Oleh Narliswandi Piliang
Siang kemarin. Di kediaman kami di Cempaka Putih, Jakarta Pusat, udara panas mengalir dari pekarangan. Walau tak serimbun kediaman kami di Bali, untuk ukuran Jakarta, halaman kami kata tetangga hijau. Logikanya lebih sejuk. Namun kalimat tadi menjadi tiada arti di suhu udara naas 40 derajad Celcius.
Keringat muncul di atas pori-pori botak saya. Jidat mengernyit.
Silau.
Akan tetapi hati ini adem menyimak dedaunan Bambu di pagar ditingkah angin. Suara khas, memberi kesan tersendiri, seperti di rekaman video ini.

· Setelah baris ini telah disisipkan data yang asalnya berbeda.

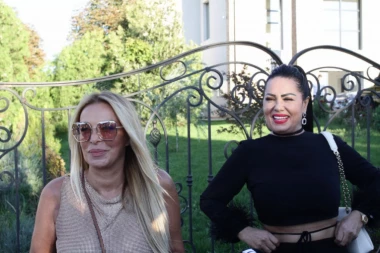 DANAS MAJKO ŽENIŠ SVOGA SINA! Svatovi pristižu, Zlata i Vanesa zapevale ispred restorana! (FOTO, VIDEO)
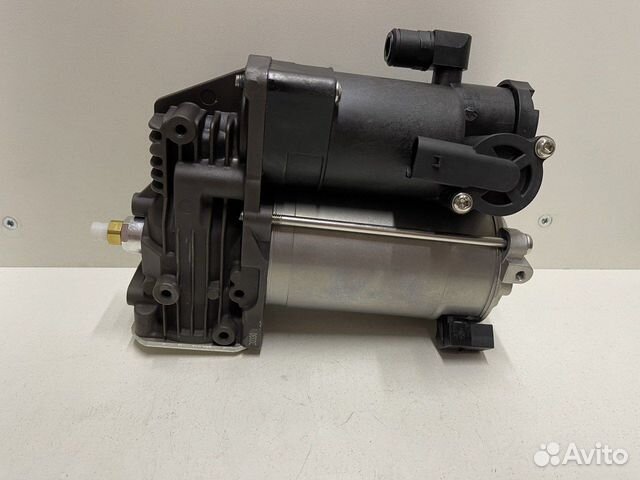 Пневмокомпрессор Land Rover Discovery LR045251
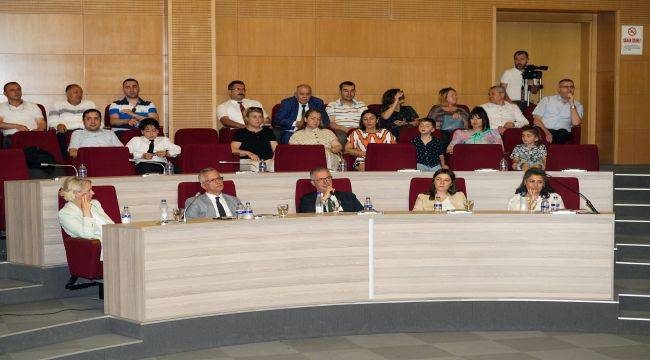 Gaziemir’in çocuk meclisinde okul sorunu ele alındı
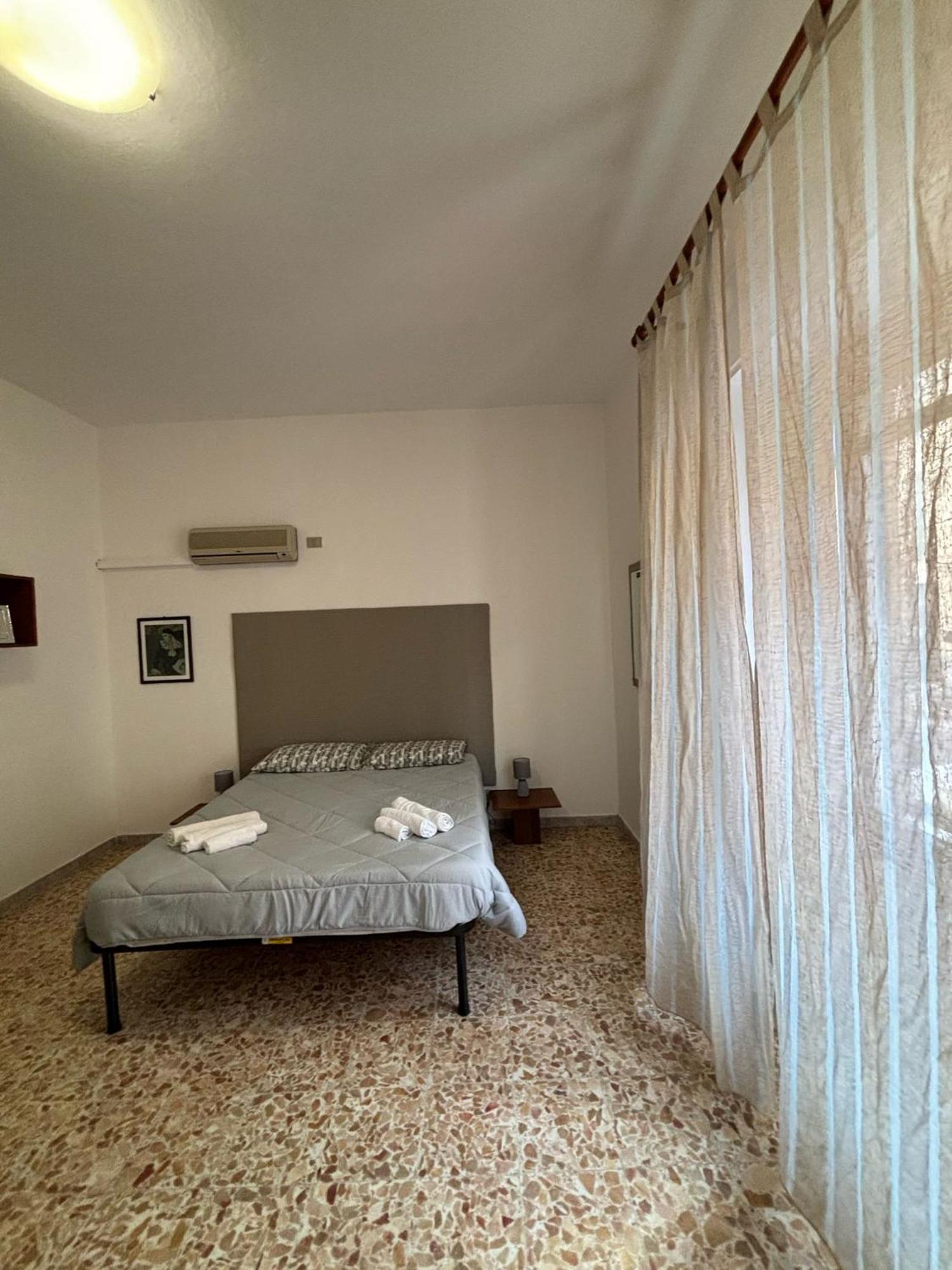Pm 41 Via Ennio Porrino Guest House Alguer Exterior foto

Di saat mengamati Bambu saya teringat akan chit-chat ringan dengan sosok muda Yanuar Rizky. Pondamen bangsa kita agraria. Mau bicara digital, start up, tetaplah Indonesia itu agraris. Kalau nalar ini diteruskan dilanjutkan ke industri, tentulah pondamen industri berbasis utama pertanian.
Mata saya tertuju ke Bambu.
Ada 1.620 jenis Bambu di dunia. Hampir 200 jenis ada di Indonesia. Beragam corak, bahkan di NTB, ada Bambu Tutul. Bambu Betung di Jembrana Signifikan buat musik Bumbung. Talang, di kampung kami buat Lemang.
Beragam jenis dan mancaragam kegunaan Bambu. Mulai dari menjaga longsor di kemiringan lahan, hingga tulang Layang-Layang. Dari untuk makanan, Rebung hingga bilik, dan dipres menjadi lantai rumah.
Inti soal, misalnya dari 100 jenis Bambu, ada berapa ribu hektar bangsa dan negara menanamnya?
Lalu kalau pun ribuan hektar – – kalau ya – – berapa industri terkait Bambu tumbuh? Mulai kerajinan tudung nasi, perangkat makan hingga Buluh talang air penghias taman? Belum lagi dedaunan Bambu jenis tertentu, nikmat diseduh, Teh Bambu.
Dari perbambuan saja Nauzubillah, Maha Besar Tuhan menyangi Indonesia.